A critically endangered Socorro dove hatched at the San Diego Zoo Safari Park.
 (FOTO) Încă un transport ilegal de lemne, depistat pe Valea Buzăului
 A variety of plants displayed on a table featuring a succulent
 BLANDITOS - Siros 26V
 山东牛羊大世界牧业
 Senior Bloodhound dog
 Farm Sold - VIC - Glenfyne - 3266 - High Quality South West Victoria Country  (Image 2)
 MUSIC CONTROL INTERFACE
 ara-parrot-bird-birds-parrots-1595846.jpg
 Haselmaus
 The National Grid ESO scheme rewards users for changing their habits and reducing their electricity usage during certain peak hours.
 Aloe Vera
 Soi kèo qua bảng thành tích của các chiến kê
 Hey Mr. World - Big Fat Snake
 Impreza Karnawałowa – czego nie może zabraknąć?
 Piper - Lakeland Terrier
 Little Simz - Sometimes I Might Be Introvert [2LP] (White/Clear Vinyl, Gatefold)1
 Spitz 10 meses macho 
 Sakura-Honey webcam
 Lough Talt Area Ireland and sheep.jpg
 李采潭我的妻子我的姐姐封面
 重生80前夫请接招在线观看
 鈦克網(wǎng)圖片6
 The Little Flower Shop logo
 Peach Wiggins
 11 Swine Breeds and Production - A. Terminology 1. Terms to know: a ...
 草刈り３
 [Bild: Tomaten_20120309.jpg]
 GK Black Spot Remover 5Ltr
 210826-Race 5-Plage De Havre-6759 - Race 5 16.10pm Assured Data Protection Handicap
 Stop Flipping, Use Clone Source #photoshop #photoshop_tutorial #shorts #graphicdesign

INSTRUCTIONS FOR THE TASK: Copy the entries exactly as they appear.

EXERCISE OUTPUT:
A critically endangered Socorro dove hatched at the San Diego Zoo Safari Park.
 (FOTO) Încă un transport ilegal de lemne, depistat pe Valea Buzăului
 A variety of plants displayed on a table featuring a succulent
 BLANDITOS - Siros 26V
 山东牛羊大世界牧业
 Senior Bloodhound dog
 Farm Sold - VIC - Glenfyne - 3266 - High Quality South West Victoria Country  (Image 2)
 MUSIC CONTROL INTERFACE
 ara-parrot-bird-birds-parrots-1595846.jpg
 Haselmaus
 The National Grid ESO scheme rewards users for changing their habits and reducing their electricity usage during certain peak hours.
 Aloe Vera
 Soi kèo qua bảng thành tích của các chiến kê
 Hey Mr. World - Big Fat Snake
 Impreza Karnawałowa – czego nie może zabraknąć?
 Piper - Lakeland Terrier
 Little Simz - Sometimes I Might Be Introvert [2LP] (White/Clear Vinyl, Gatefold)1
 Spitz 10 meses macho 
 Sakura-Honey webcam
 Lough Talt Area Ireland and sheep.jpg
 李采潭我的妻子我的姐姐封面
 重生80前夫请接招在线观看
 鈦克網(wǎng)圖片6
 The Little Flower Shop logo
 Peach Wiggins
 11 Swine Breeds and Production - A. Terminology 1. Terms to know: a ...
 草刈り３
 [Bild: Tomaten_20120309.jpg]
 GK Black Spot Remover 5Ltr
 210826-Race 5-Plage De Havre-6759 - Race 5 16.10pm Assured Data Protection Handicap
 Stop Flipping, Use Clone Source #photoshop #photoshop_tutorial #shorts #graphicdesign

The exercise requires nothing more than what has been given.